This exercise asks for an exact copy of every entry below, with pictures omitted.

● ● ●

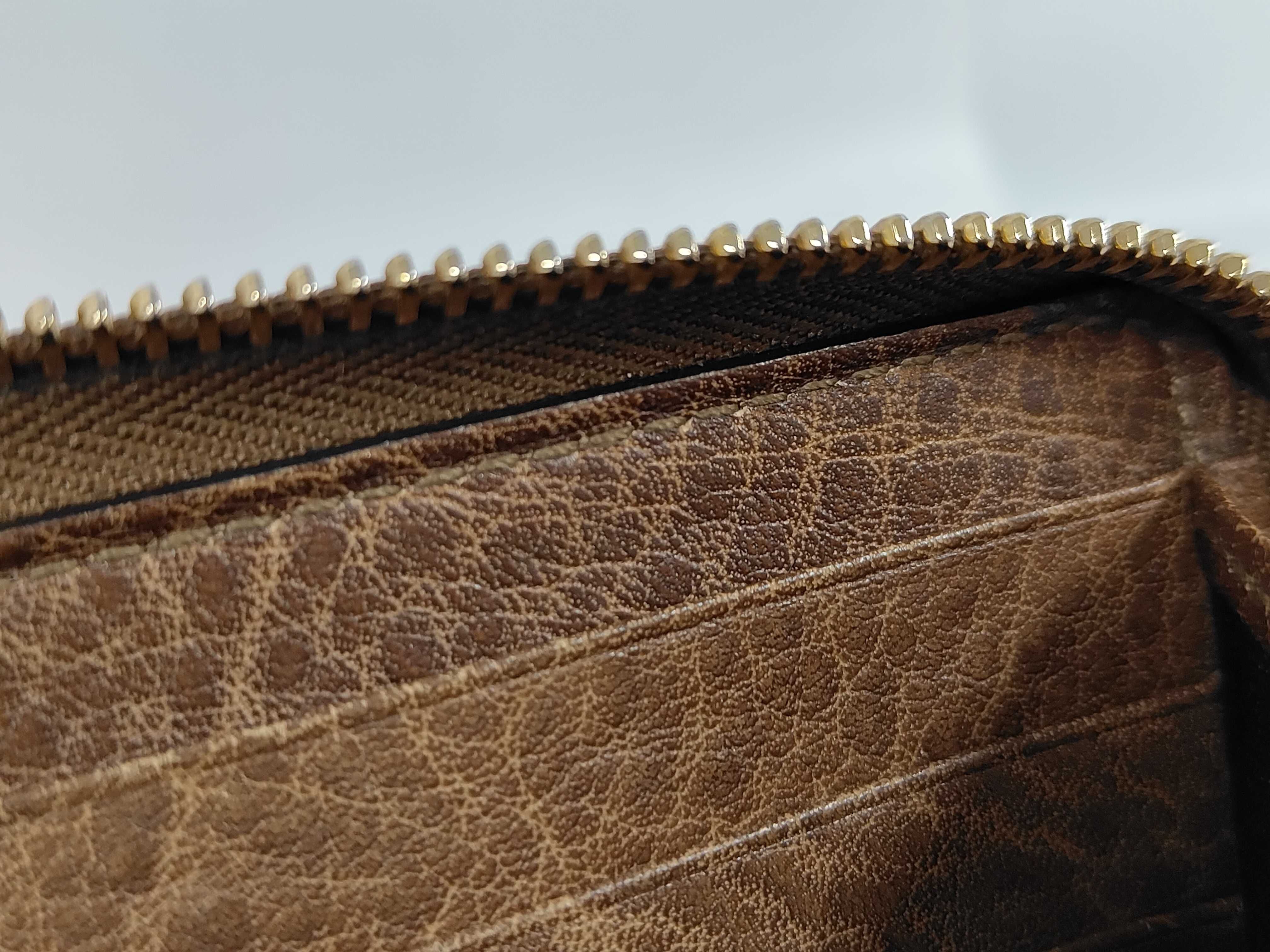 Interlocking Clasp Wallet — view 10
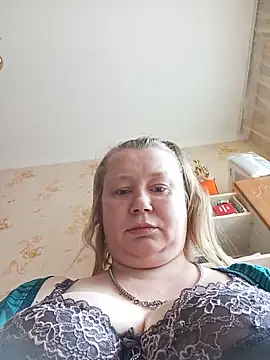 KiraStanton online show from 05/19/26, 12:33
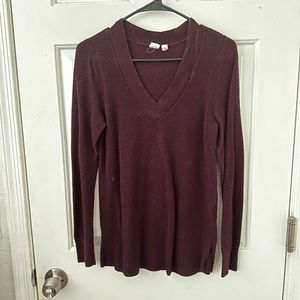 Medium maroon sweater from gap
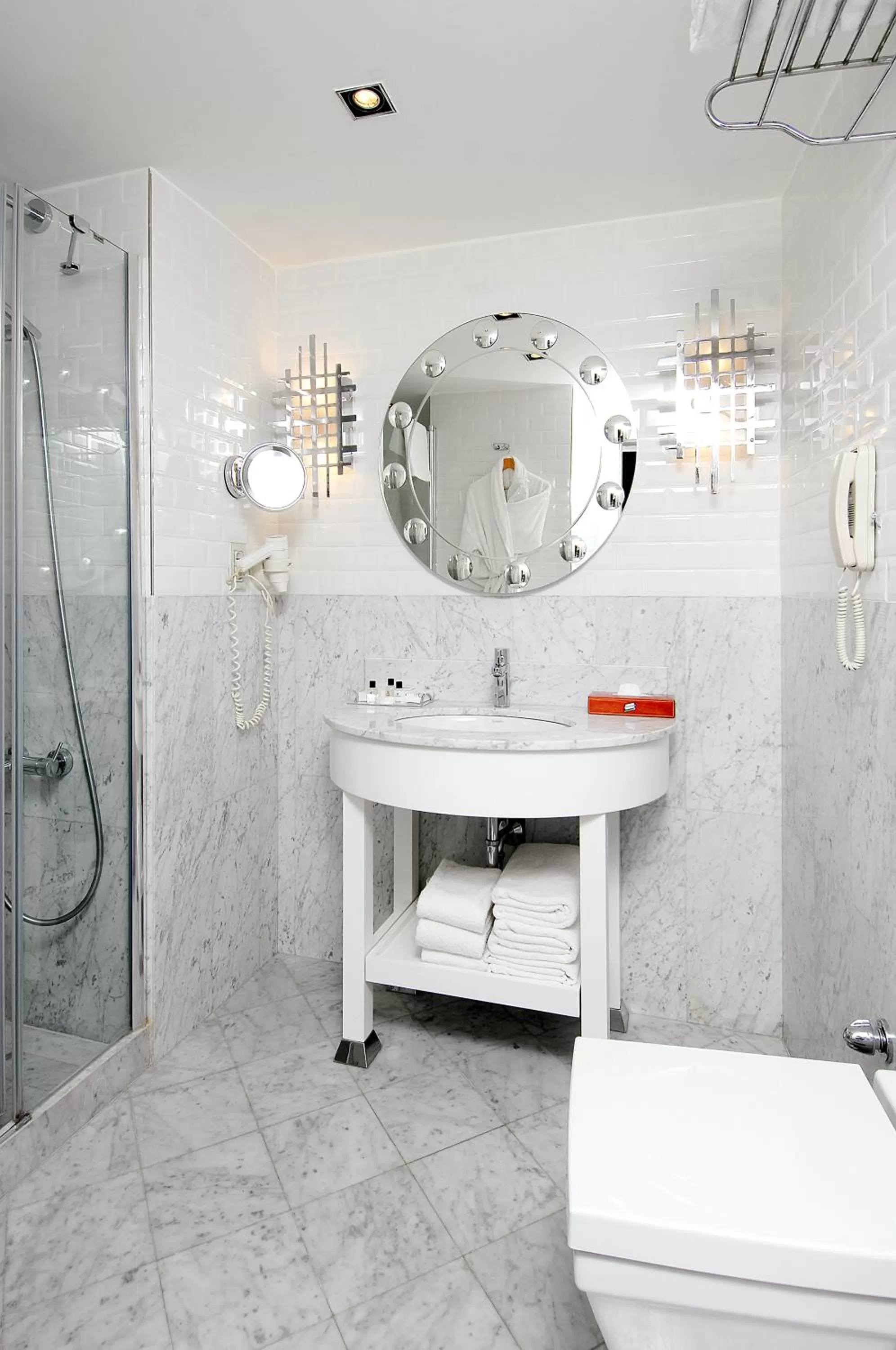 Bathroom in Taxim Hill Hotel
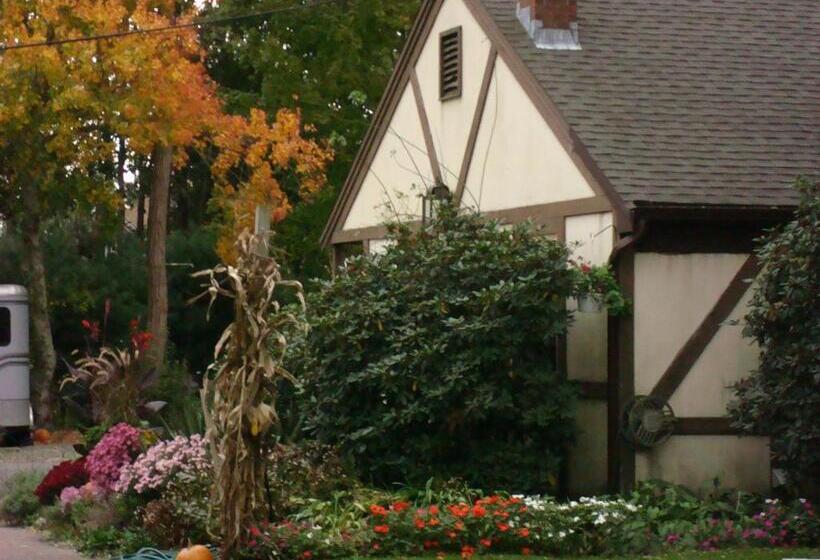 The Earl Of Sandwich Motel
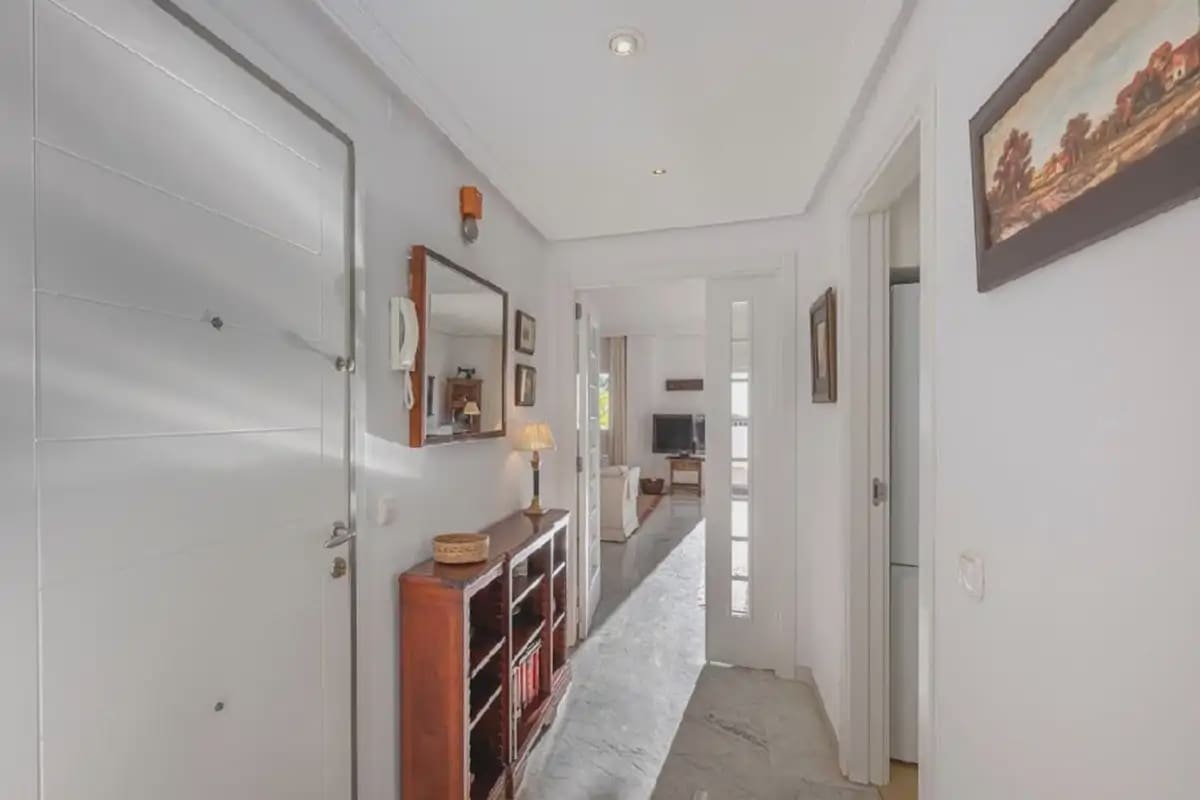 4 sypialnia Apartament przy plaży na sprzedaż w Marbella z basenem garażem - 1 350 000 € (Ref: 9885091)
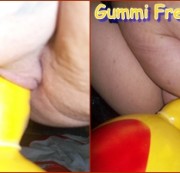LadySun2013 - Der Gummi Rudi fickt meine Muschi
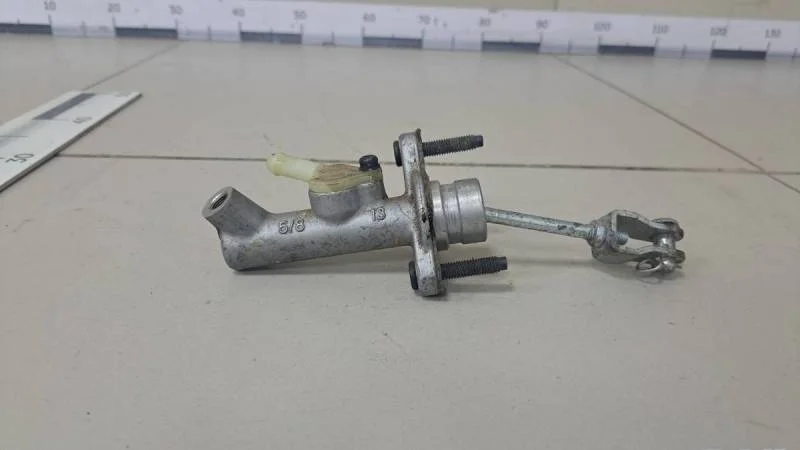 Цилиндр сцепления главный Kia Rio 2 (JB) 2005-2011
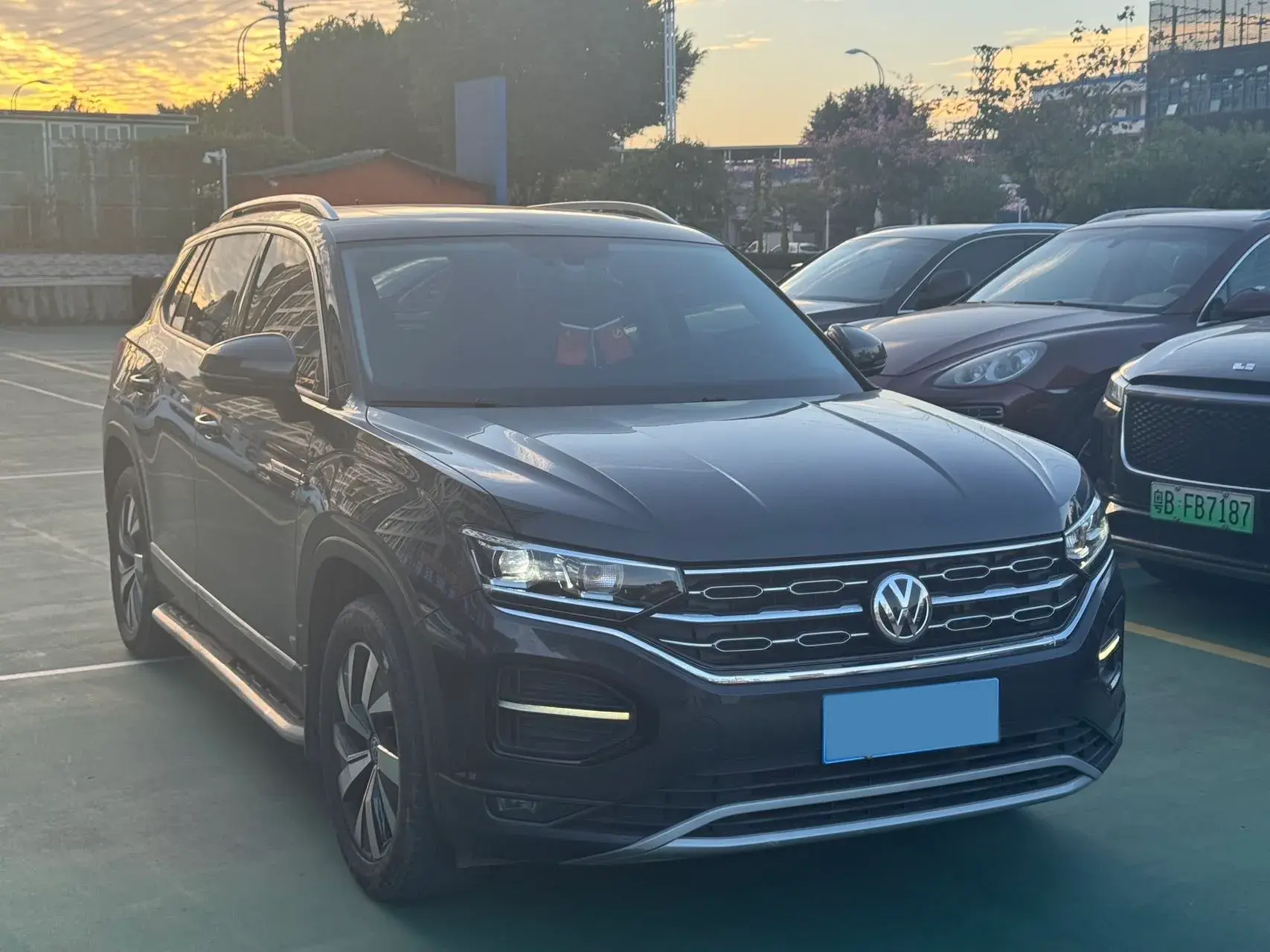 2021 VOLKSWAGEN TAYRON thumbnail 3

● ● ●

▶ _Completed exercise_:
 Interlocking Clasp Wallet — view 10
 KiraStanton online show from 05/19/26, 12:33
 Medium maroon sweater from gap
 Bathroom in Taxim Hill Hotel
 The Earl Of Sandwich Motel
 4 sypialnia Apartament przy plaży na sprzedaż w Marbella z basenem garażem - 1 350 000 € (Ref: 9885091)
LadySun2013 - Der Gummi Rudi fickt meine Muschi
 Цилиндр сцепления главный Kia Rio 2 (JB) 2005-2011
 2021 VOLKSWAGEN TAYRON thumbnail 3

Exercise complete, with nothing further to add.